Meglio evitare le “insidie” di un interrogatorio in aula. E’ quanto avrà pensato Michele Licata, ex imprenditore leader nel settore ristorazione-alberghiero, che ha deciso di non sottoporsi all’esame nel processo che davanti al giudice monocratico Lorenzo Chiaramonte lo vede imputato con l’accusa di “lottizzazione abusiva” finalizzata alla realizzazione di un caseificio, nonché alla cementificazione di una “zona a protezione speciale” in prossimità della spiaggia di Torrazza. Licata, difeso da Carlo Ferracane, è comunque sempre in tempo per rendere “dichiarazioni spontanee”. Queste, tra l’altro, non presentano la principale insidia dell’interrogatorio.

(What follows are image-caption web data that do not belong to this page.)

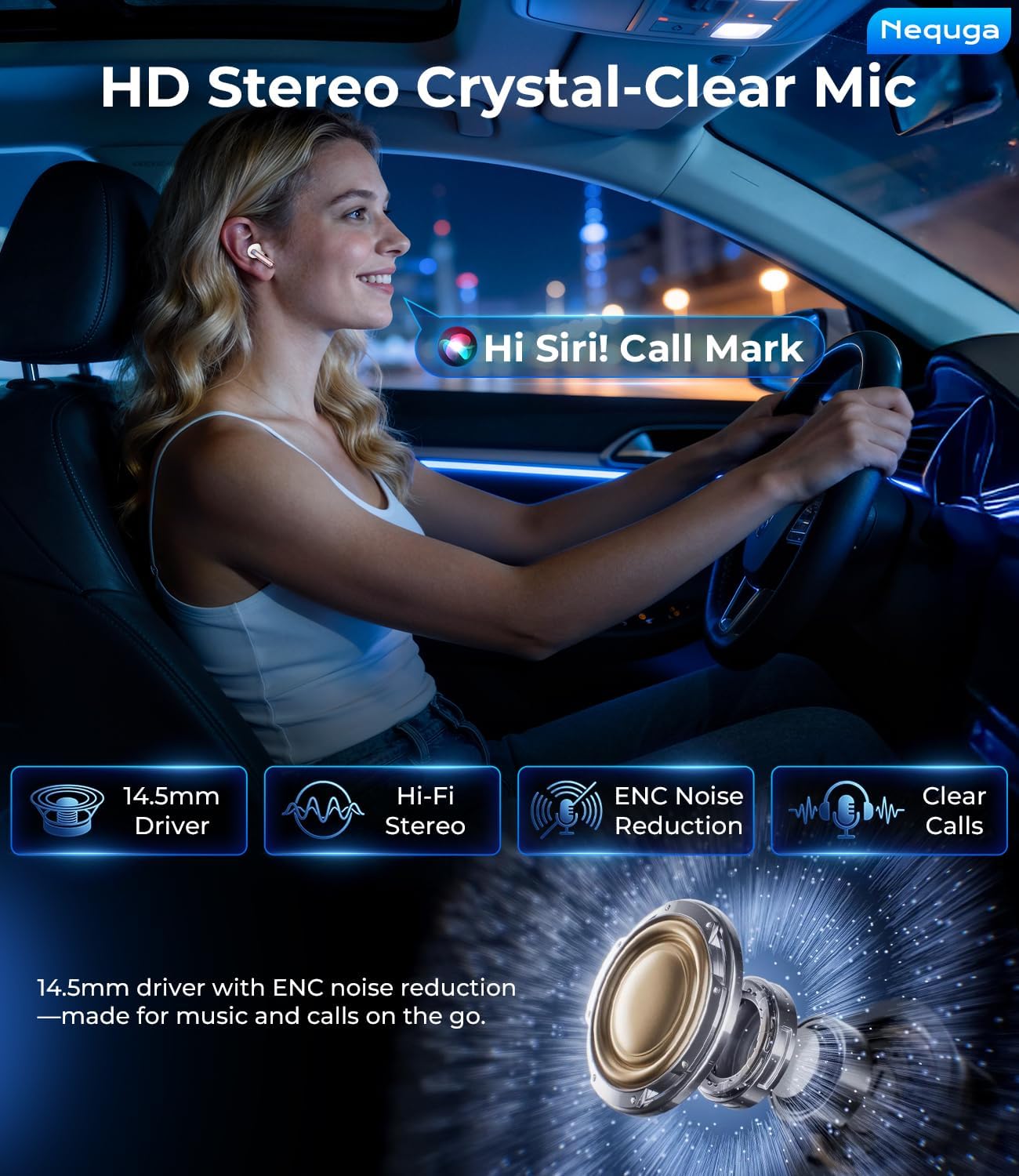 Wireless Earbuds Bluetooth Headphones, 50H Playtime Ear Buds with Mic, LED Digital Display Charging Case, IPX7 Waterproof, Deep Bass Stereo, in-Ear Earphone for iPhone Andriod Phone - Blush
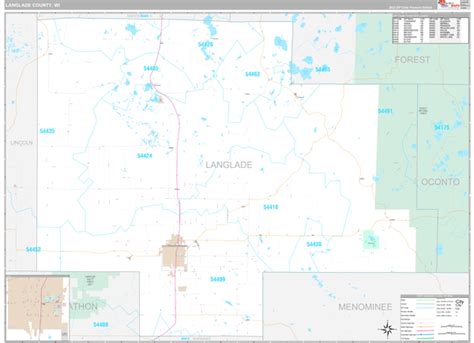 Langlade County, WI Wall Map Premium Style by MarketMAPS - MapSales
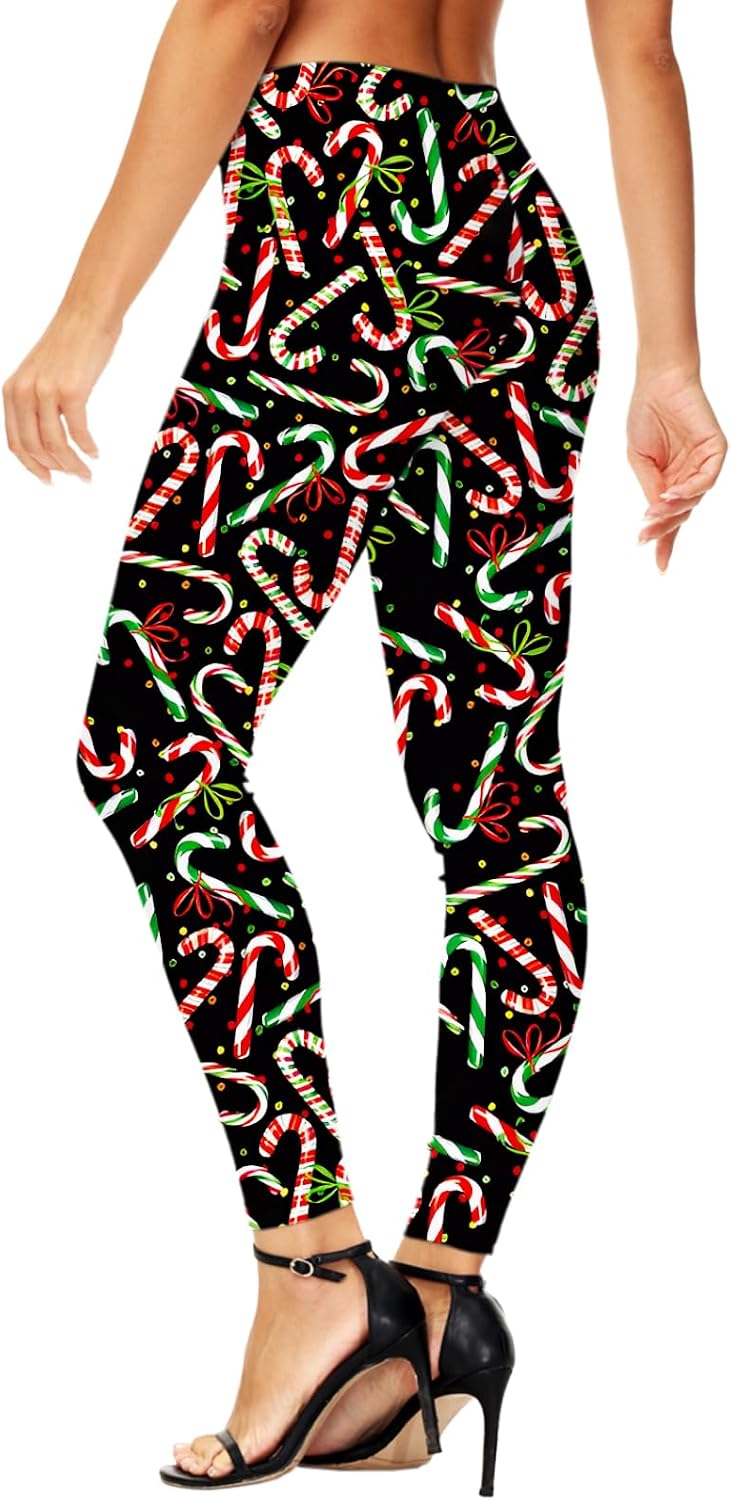 Deerose Womens Christmas Leggings High Waist Xmas Tight Holiday Skinny Pants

E cioè le domande del pm, del giudice e della parte civile. Alla prossima udienza, l’1 febbraio, saranno ascoltati due tecnici del Comune di Petrosino, che è parte civile con l’assistenza degli avvocati Valerio Vartolo e Giuliano Pisapia.
I due tecnici chiamati a deporre in aula saranno l’ingegnere Tumbarello e il geometra Giacalone. Lo scorso 29 settembre era stato ascoltato un altro tecnico del Comune petrosileno: l’architetto Vito Laudicina, responsabile del settore Urbanistica e Abusivismo. Laudicina, che lo scorso dicembre ha annullato le licenze edilizie rilasciate tra il 2003 e il 2004 per la realizzazione di Baglio Basile, ha ribadito che l’area di Torrazza è sottoposta a vincoli ambientali, tra i quali quelli previsti dalla Convenzione di Ramsar.
Nella zona di Margi Nespolilla e Torrazza, la società “Roof Garden” avrebbe voluto realizzare, in realtà, secondo l’accusa, un grande complesso turistico. In barba anche ai vincoli di natura ambientale della zona. A sostenere l’accusa è il pubblico ministero Antonella Trainito.